Prior to publication, Children of Blood and Bone was optioned for a film adaptation produced by Fox 2000 Pictures and Temple Hill Productions. Adeyemi had appreciated the work Fox 2000 and Temple Hill had done in producing Love, Simon and that they were the studios adapting The Hate U Give to film. In February 2019, Rick Famuyiwa was announced as the director. Adeyemi has said her dream cast would have Idris Elba in the role of Saran and Viola Davis playing Mama Agba.

However, after Disney acquired a majority of 21st Century Fox, which resulted in shuttering Fox 2000, the project was transferred to Lucasfilm, marking the studio's first original live-action project since its acquisition by Disney in 2012. Kay Oyegun (known for her work on the NBC comedy-drama series This Is Us) was also attached to write the script for the film. In September 2019, while talking to The Hollywood Reporter, Alan Horn revealed Kathleen Kennedy was in fact working with sister studio 20th Century Fox's chairman Emma Watts in developing the film. In December 2020, Kennedy announced that Lucasfilm would co-produce the film with 20th Century Studios.

By January 2022, Paramount Pictures had acquired the rights for a guaranteed exclusive theatrical release, with Temple Hill Entertainment producing alongside Sunswept Entertainment; Adeyemi will write the script and serve as executive producer. According to The Hollywood Reporter, Adeyemi had become dissatisfied with the pace of Lucasfilm's adaptation efforts and asked to serve as scriptwriter, a request that Lucasfilm had declined.

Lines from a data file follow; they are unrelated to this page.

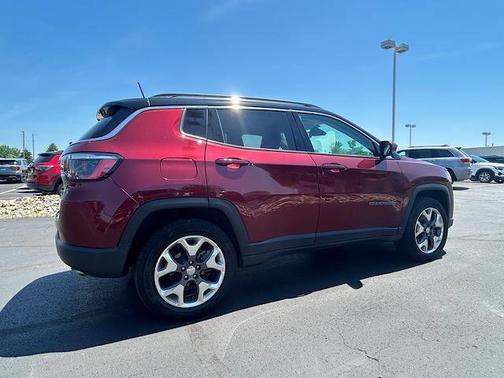 2021 Jeep Compass Limited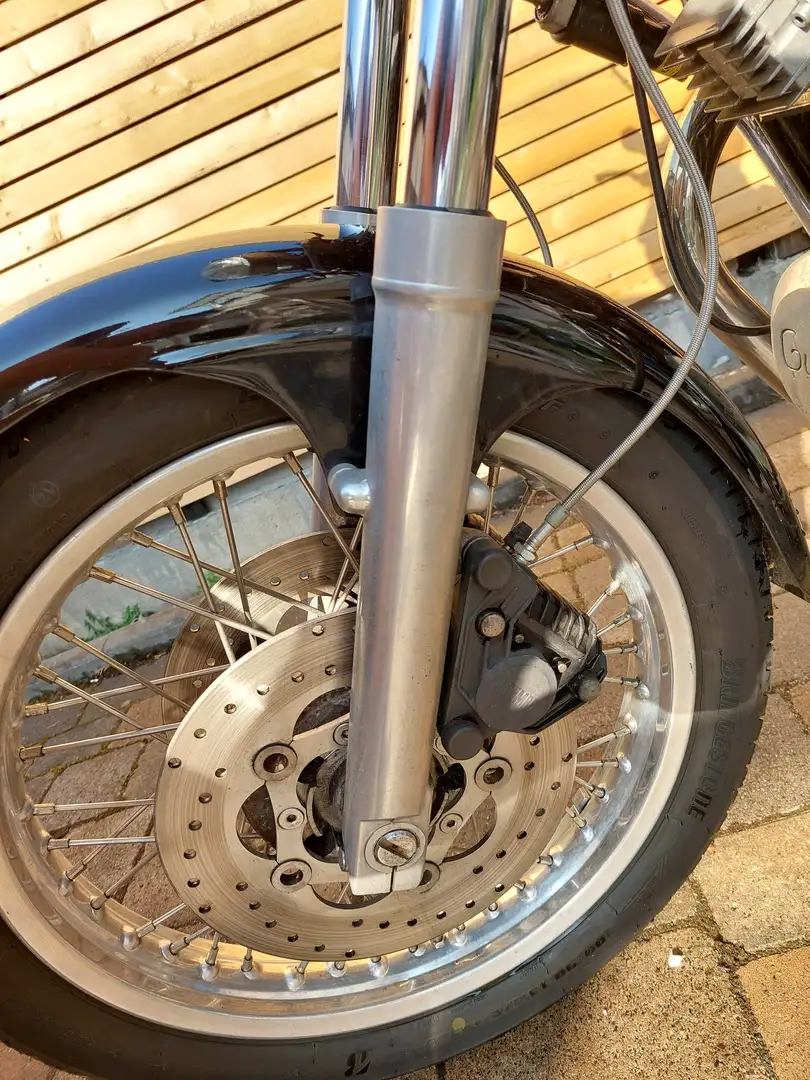 Moto Guzzi 1000 S Rot - 2
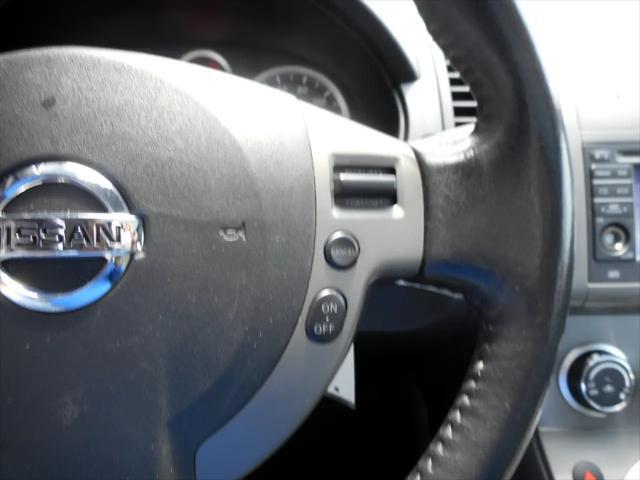used 2012 Nissan Sentra car, priced at $6,995
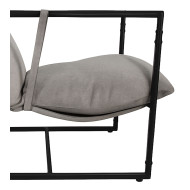 Butaca Jaime – Diseño moderno y comodidad envolvente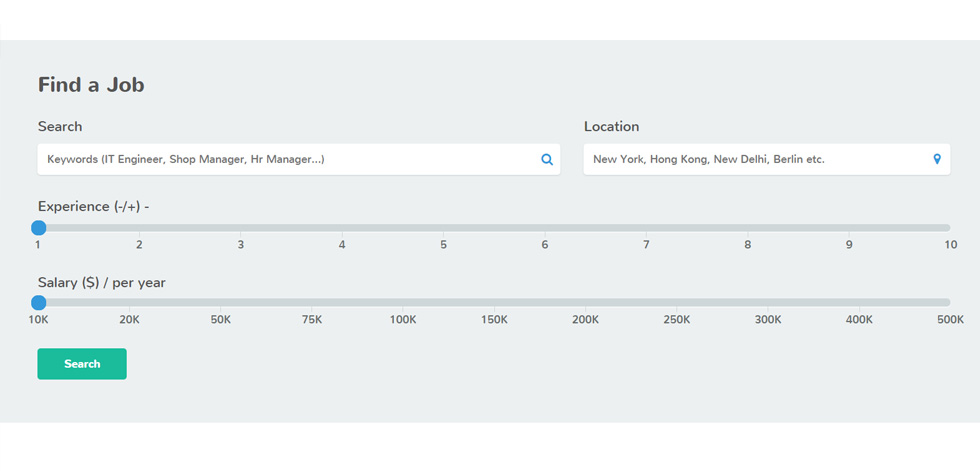 Job Search
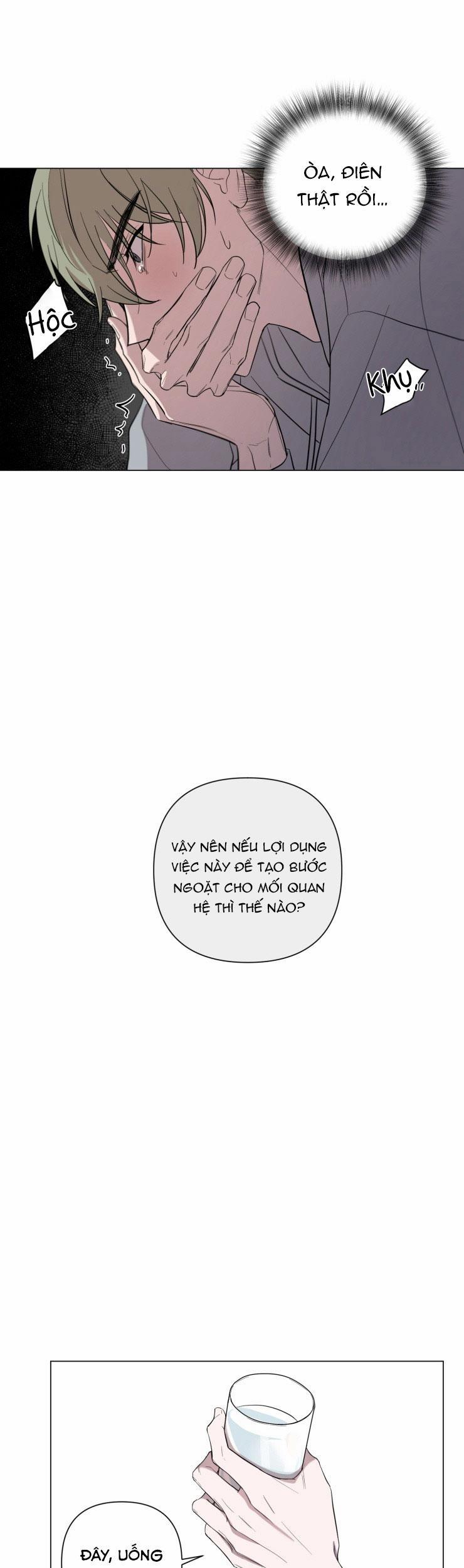 manhwax10.com - Truyện Manhwa TÌNH NHÂN KÉM TUỔI Chương 3 Trang 23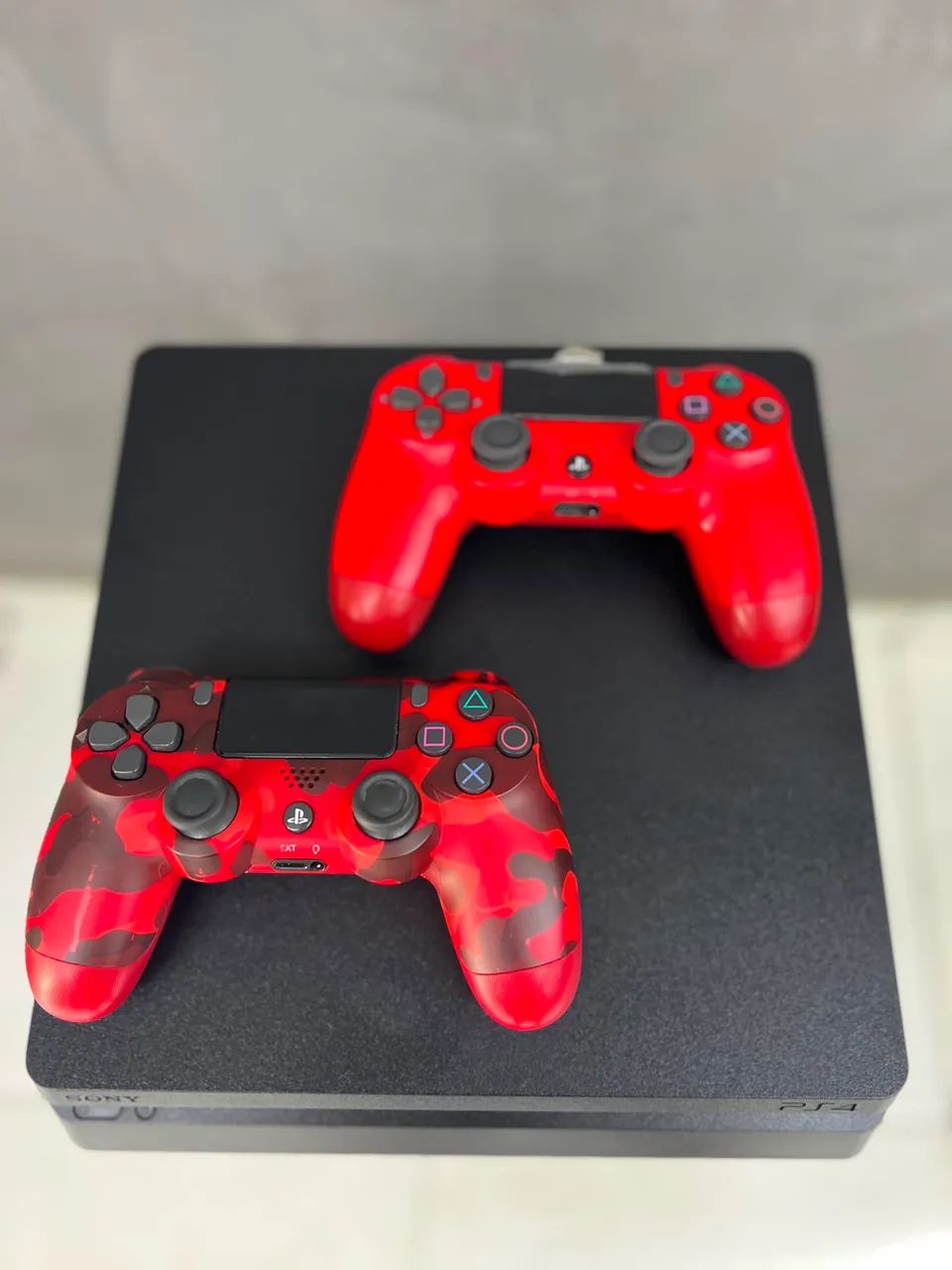 PS4 slim 1 tb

Since Lucasfilm had wanted to focus on its own intellectual properties Star Wars, Indiana Jones, and Willow, it and 20th Century Studios had allowed the film rights to Children of Blood and Bone to lapse in late 2021. In December 2023, Gina Prince-Bythewood was announced as the director.

In November 2024, a casting call was sent out by Prince-Bythewood for male and female actors between the ages of 10 and mid-20s living in Nigeria. The film is currently set for release on January 15, 2027. In January 2025, Thuso Mbedu, Amandla Stenberg, Damson Idris, Tosin Cole, Cynthia Erivo, Chiwetel Ejiofor, Lashana Lynch, Idris Elba, and Viola Davis joined the cast.